Le père d’un supporteur du club de football Zamalek décédé lors de heurts avec la police au Caire. (Photo : AFP)
Selon le gouvernement, les victimes sont mortes écrasées dans une bousculade mais les supporteurs et des témoins accusent les forces de l’ordre d’avoir tiré des grenades lacrymogènes, et même ouvert le feu à coup de chevrotine comme elles le font fréquemment, sur une foule compacte littéralement prise au piège entre des barrières les canalisant vers une entrée du stade. Ce drame survient trois ans après la mort de 74 supporteurs à Port-Saïd, dans le nord, quand la police avait laissé s’affronter les fans de deux clubs rivaux, sciemment selon les supporteurs.
Les policiers avaient alors été accusés de « se venger » ainsi sur des groupes de fans qui avaient pris part à la révolte populaire ayant chassé le président Hosni Moubarak du pouvoir en 2011. Dans la lignée des printemps arabes, la jeunesse égyptienne avait à ce moment déclenché sa « révolution », qui était d’abord dirigée contre une police discréditée par de nombreux abus et violences.

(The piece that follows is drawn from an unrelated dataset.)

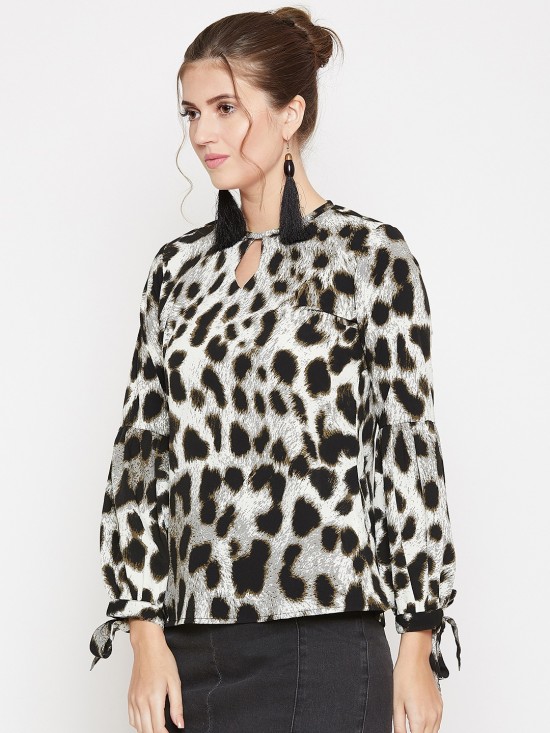 Animal Printed Knotted Sleeves Top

Dimanche soir, le gouvernement avait limité la capacité du stade à 10.000 spectateurs mais les forces de sécurité ont été largement débordées par l’afflux massif de supporteurs, qui ont tenté de forcer les portes du stade, selon les autorités. Le huis clos total imposé sur toutes les rencontres de championnat après la tragédie de Port-Saïd avait été levé en décembre et ce match contre Enppi était le premier auxquels les fans de Zamalek -l’un des clubs les plus populaires d’Egypte- pouvaient assister depuis 2012.
> « Nuque brisée »
Des témoins et des supporteurs ont accusé la police d’être responsable du « massacre », estimant qu’elle avait provoqué la bousculade en tirant des gaz lacrymogènes à outrance contre des spectateurs pris au piège à une entrée du stade. Des photos diffusées par les télévisions montrent une foule comprimée dans ce passage étroit flanqués de barrières métalliques avant le début des heurts. « Dix-neuf personnes ont été tuées », a indiqué à l’AFP le porte-parole du ministère de l’Intérieur Hani Abdel Latif. Vingt-deux policiers ont également été blessés et 18 « émeutiers » ont été arrêtés, a-t-il précisé.

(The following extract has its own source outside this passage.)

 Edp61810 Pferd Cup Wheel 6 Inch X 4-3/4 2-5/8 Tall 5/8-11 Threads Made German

« Les décès sont dus à la bousculade, aucun ne porte de blessure par balle ou plomb », a assuré à l’AFP Khaled al-Khatib, un haut responsable du ministère de la Santé. « Les corps présentent de nombreuses ecchymoses, certains ont la nuque brisée », a-t-il ajouté. Ibrahim, un supporteur, a affirmé à l’AFP que la police avait tiré des gaz lacrymogènes dans le passage après qu’un spectateur eut allumé une fusée éclairante. « Le gaz les a asphyxiés et a provoqué la bousculade, » selon lui.
> « Massacre planifié »
De leur côté, les Ultras White Knights du club de Zamalek ont accusé les autorités de « massacre planifié », affirmant que « la cage métallique dans laquelle la plupart des gens sont morts a été installée un jour avant le match. » Le drame de dimanche intervient alors que la police égyptienne réprime systématiquement et dans le sang les manifestations de l’opposition islamiste mais aussi laïque et libérale.
Depuis que l’ex-chef de l’armée et actuel président Abdel Fattah al-Sissi a destitué l’islamiste Mohamed Morsi en juillet 2013, plus de 1.400 manifestants pro-Morsi ont ainsi été tués, essentiellement par balles et décharges de chevrotine. Le drame de dimanche « a fait voler en éclat tout espoir de voir le gouvernement adopter une approche moins brutale face à ses opposants de la société civile », estime James Dorsey, chercheur et auteur du livre « The Turbulent World of Middle East Soccer ».
Les groupes d’ultras en Egypte sont connus pour leur hostilité vis-à-vis de la police et ils étaient souvent en première ligne ces dernières années lors des manifestations de l’opposition brutalement réprimées. En décembre, le gouvernement avait supprimé le huis clos total sur la plupart des matches de première division et avait rouvert les portes des stades mais en limitant leur capacité à 10.000 spectateurs pour certaines rencontres. Le huis clos avait toutefois été maintenu pour les rencontres opposant entre elles les six équipes phares du championnat égyptien, dont le club cairote de Zamalek. Après la tragédie de dimanche, le gouvernement a annoncé la suspension, sans limite de temps pour l’heure, du championnat d’Egypte.